New Zealand lawyers, Pro Bono, and Access to Justice
Stewart, Kayla; Toy-Cronin, Bridgette; Choe, Louisa
This report summarises the results of a study about the provision of pro bono legal services in New Zealand. The study was conducted in two phases from September 2018 to February 2019 as part of a wider project about free and low cost services offered by lawyers. The first phase was a survey of the profession, which 360 lawyers completed. The survey included questions about how lawyers define pro bono, how much pro bono work they perform and for which clients, and whether they regard providing pro bono legal services as a professional obligation. The second phase involved qualitative interviews with 23 lawyers to elicit more detailed information about attitudes to pro bono work and how pro bono service provision operates in Aotearoa. The results of the study suggest there is little shared understanding of what constitutes pro bono legal services. This is a significant impediment to any discussion about pro bono legal services, the amount of provision, who is providing the services, and the design of policy to encourage the provision of more pro bono services. The study also identified a blurring between legal aid services and pro bono. The results also suggest that were the NZLS to implement an aspirational target of 35 hours per annum (as has been suggested), most lawyers would fall short of this target. While 41 percent of lawyers are exceeding the target, more than a quarter are doing no pro bono work that enhances access to justice. The remaining quarter are doing some access to justice focused pro bono work, but less than the suggested aspirational target. Furthermore, pro bono services are not distributed fairly either within the profession as service providers, or across the public, as service recipients.
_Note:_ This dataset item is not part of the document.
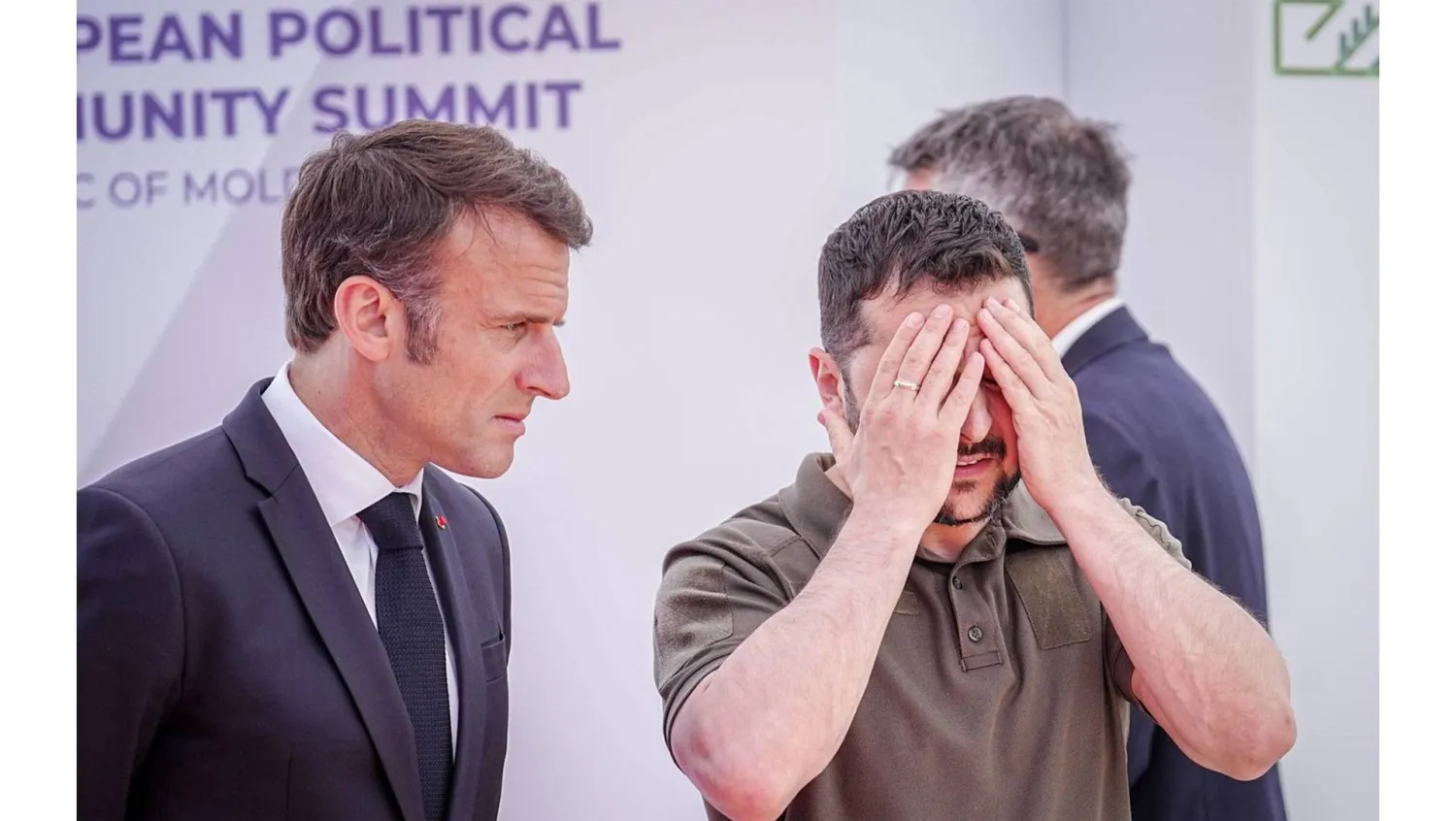  الرئيس الفرنسي أجرى محادثة تليفونية مع زيلينسكي عارضاً مساعدات الإغاثة (إ.ب.أ)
The study makes ten recommendations focussed on three key themes: (1) that the profession develops a shared definition of pro bono, focussed on pro bono that enhances access to justice, and that this definition be the basis for all programmes, targets and incentives for carrying out pro bono; (2) that a national clearinghouse for pro bono be introduced to minimise the administrative burden on lawyers providing pro bono and more equitably distribute pro bono services among the public; (3) that the legal profession associations encourage an increase in the amount of pro bono service via a number of mechanisms including regulatory reform and the introduction of an aspirational target.